When I travel the country and tell people where I live, jaws drop, both out of awe and incredulity. “You live THERE?! Why in the world?? Boy, I’ve always wanted to go to Alaska!!” I explain that my husband’s job brought us here, first to Anchorage and almost two years ago to Tok. It’s beautiful here in the summers, cold as all get out in the winters.
My first winter here was the coldest, with our home thermometer capping off at -60 degrees Fahrenheit. Last summer was mild with many more minus 30s and 40s than past the minus 60 mark. Here are some of the things that happened to us, especially the first winter, that still cause friends’ eyes to pop open:
1. Temperatures can get below -60 degrees Fahrenheit for long stretches of time and most thermometers just don’t go any further.

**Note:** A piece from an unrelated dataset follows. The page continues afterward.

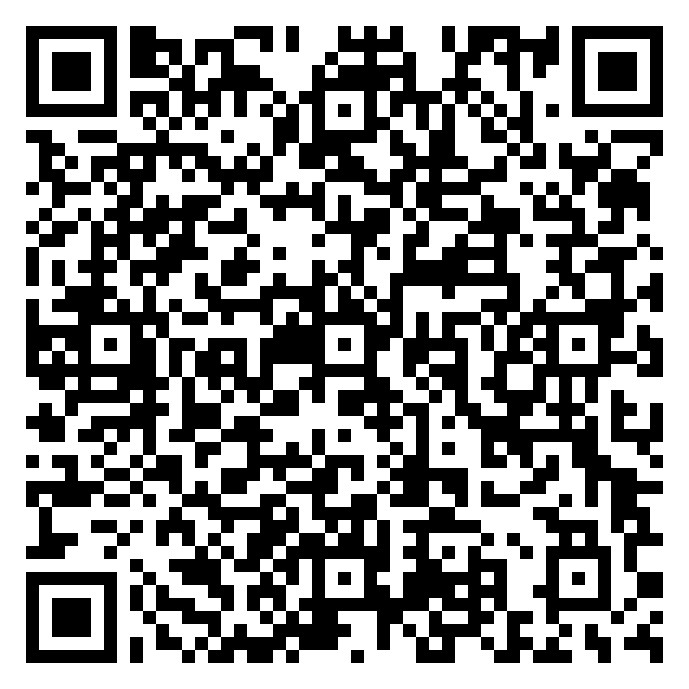 kod QR z danymi kontaktowymi 28154854000000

2. We put cardboard or leather inside the grill on our vehicles to keep the cold air from freezing the radiator.
3. We get what’s called the “Tok Package” to insulate our vehicle engines – not just an engine block heater which is common in colder states but also an oil pan heater and battery blanket.
4. We get “square tires.” When we start our vehicles and start driving in the colder temperatures, the tires clunk and thunk like a flat tire. The tires freeze flat and take a while for the air inside them to warm up and smooth out.
5. Your breath freezes on the inside of your car windshield. After a certain point, even your car heater can’t keep up, and your breath turns into a crust on the inside of your windshield. Helpful to have a little credit card-sized inside the windshield ice scraper. Yes, they make them in Alaska.
6. School buses run until -45 degrees. We don’t have snow days here where kids get out of going to school. We have cold days when the temperatures become impossible for the school bus to operate properly and safely.
7. Our walls are 12 inches thick. Not everyone has the same kind of walls, although the log houses do have thick walls for insulation. But our place looks like a regular house but with walls a foot thick to keep out the cold and keep in the heat.
9. Moisture in your nostrils crystalizes. When you go outside in the colder temps, you can literally hear the moisture in your nostrils crackling and freezing up. Needless to say breathing in the air at that point is not good for your lungs.
10. We did see a thermometer at minus 71 degrees. My husband took a photo of it and it caused quite a ruckus across the Internet amongst weather geeks. Eventually, a representative from NOAA came by Tok to explain why it wasn’t an accurate reading. But we still have the picture! 😉
I haven’t experienced what happens when you throw a cup of hot water into the air outside. Everyone keeps telling me to try it, but I keep forgetting and going outside when it is cold enough to freeze midair isn’t my idea of fun!